As the Cuban people protest a lack of food, medicine, and basic freedoms, pastors in the Caribbean nation say they, too, can no longer stay silent


A man is arrested in Havana during a protest against the Cuban government on July 11. Yamil Lage/AFP via Getty Images

Cuba’s rising cry

Jatniel Peréz recently sat in a Cuban airport waiting to travel to the United States and doubting he’d make it out of the country. When Cuban officials asked for his passport a second time, the Reformed Baptist pastor thought: “Well, that’s it. I’m not going.”

Three weeks earlier, Peréz had publicly demanded the release of two pastors detained by Cuban police on July 11 during the largest street demonstrations against the Communist regime in decades. 

As thousands chanted for freedom, President Miguel Díaz-Canel declared an “order of combat” and called on citizens to confront demonstrators in the streets. Police violently clashed with protesters and detained hundreds across the country. Some may face decades-long prison sentences. 

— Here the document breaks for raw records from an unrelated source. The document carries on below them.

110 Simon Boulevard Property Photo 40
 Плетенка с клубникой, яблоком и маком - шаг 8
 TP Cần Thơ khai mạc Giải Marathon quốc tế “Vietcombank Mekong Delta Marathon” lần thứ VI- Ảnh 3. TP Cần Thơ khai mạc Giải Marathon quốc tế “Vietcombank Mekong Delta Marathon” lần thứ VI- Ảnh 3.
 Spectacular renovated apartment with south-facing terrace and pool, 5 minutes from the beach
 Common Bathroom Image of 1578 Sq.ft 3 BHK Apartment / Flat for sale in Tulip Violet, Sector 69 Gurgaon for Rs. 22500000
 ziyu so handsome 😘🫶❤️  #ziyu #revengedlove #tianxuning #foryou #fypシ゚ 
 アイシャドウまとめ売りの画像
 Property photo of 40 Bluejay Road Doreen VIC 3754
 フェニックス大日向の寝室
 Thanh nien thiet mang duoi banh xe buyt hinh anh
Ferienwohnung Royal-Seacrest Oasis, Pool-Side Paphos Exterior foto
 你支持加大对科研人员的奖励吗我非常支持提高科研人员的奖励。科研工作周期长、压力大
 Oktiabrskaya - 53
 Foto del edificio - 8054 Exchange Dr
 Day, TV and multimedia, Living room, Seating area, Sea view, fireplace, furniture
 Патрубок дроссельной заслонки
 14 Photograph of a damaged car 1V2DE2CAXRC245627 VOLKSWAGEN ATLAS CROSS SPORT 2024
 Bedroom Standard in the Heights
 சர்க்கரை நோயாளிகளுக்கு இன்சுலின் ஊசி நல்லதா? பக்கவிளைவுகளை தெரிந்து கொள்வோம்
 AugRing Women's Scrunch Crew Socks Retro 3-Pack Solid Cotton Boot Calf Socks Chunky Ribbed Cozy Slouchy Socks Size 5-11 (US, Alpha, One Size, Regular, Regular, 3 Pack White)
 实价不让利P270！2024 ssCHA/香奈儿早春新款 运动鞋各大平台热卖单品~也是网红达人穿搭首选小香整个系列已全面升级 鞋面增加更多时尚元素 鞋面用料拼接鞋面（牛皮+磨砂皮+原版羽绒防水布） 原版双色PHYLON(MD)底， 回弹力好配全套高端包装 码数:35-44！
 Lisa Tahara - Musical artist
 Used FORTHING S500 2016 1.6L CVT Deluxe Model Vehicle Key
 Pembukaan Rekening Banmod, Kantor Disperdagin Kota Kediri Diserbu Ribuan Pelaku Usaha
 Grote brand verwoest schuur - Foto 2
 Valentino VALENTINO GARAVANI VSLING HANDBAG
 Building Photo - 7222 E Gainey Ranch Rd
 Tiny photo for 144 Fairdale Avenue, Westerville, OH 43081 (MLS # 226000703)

That evening, Peréz received a text message at his home in Velasco, a city in the island’s eastern Holguín province. Police had jailed two pastors who teach at the seminary Peréz founded several years ago. Peréz called for their release on social media and spread the news to contacts overseas, including in the United States. 

Peréz says security officials called several times, ordering him to stop. He refused and responded on Facebook, saying he was unafraid of their threats: “I am Jatniel Peréz Feria. National President of the William Carey Biblical Seminary in Cuba and pastor of the Independent Evangelical Church in Ve­lasco, Holguín. I am responsible for all the pastors and brothers who study in our seminary,” he wrote. “If it bothers you that I am saying these things, then you know very well where I live.” 

It was a bold statement for a Christian pastor in a communist nation.

Others were bold, too: Several Cuba-based evangelical denominations and Catholic groups released statements denouncing violence and calling on Cuban officials to answer the demonstrators’ pleas. The unusually vocal criticism of the Communist regime is part of a growing willingness among some Cuban Christians to push back against their government, even as conditions deteriorate and the United States grapples with how to respond.

Police didn’t show up at Peréz’s house after his public Facebook post. He was surprised when airport officials allowed him to board a flight for a ministry-related trip to the United States he had planned with his father weeks before the demonstrations.

A few hours after landing in Miami in early August, Peréz and his father, Daniel Josue Peréz, talked about their work in Cuba and their readiness to address issues the Cuban government deems too political for pastors. Jatniel Peréz said a good pastor helps his people when they are suffering. His father, Daniel, said a good pastor also isn’t afraid to denounce abuse, even when it’s costly: “God is a God of justice, and we must imitate Him.”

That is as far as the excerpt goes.